> _Work required_
Find the line in the entries below that contains "The United Nations". Repeat it exactly, and every line after it through the line that contains "Fini Hotel Bobende".

> _Data for this task_
━━━━

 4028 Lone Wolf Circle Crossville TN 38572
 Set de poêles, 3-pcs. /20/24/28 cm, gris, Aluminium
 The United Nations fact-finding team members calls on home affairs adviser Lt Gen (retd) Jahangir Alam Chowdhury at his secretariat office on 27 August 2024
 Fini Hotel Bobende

━━━━

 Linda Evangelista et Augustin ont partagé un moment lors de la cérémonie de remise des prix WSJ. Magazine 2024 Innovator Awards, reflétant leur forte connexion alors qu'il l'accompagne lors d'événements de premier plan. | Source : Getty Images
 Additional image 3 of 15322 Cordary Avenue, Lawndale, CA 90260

━━━━

> _Answer box_
 The United Nations fact-finding team members calls on home affairs adviser Lt Gen (retd) Jahangir Alam Chowdhury at his secretariat office on 27 August 2024
 Fini Hotel Bobende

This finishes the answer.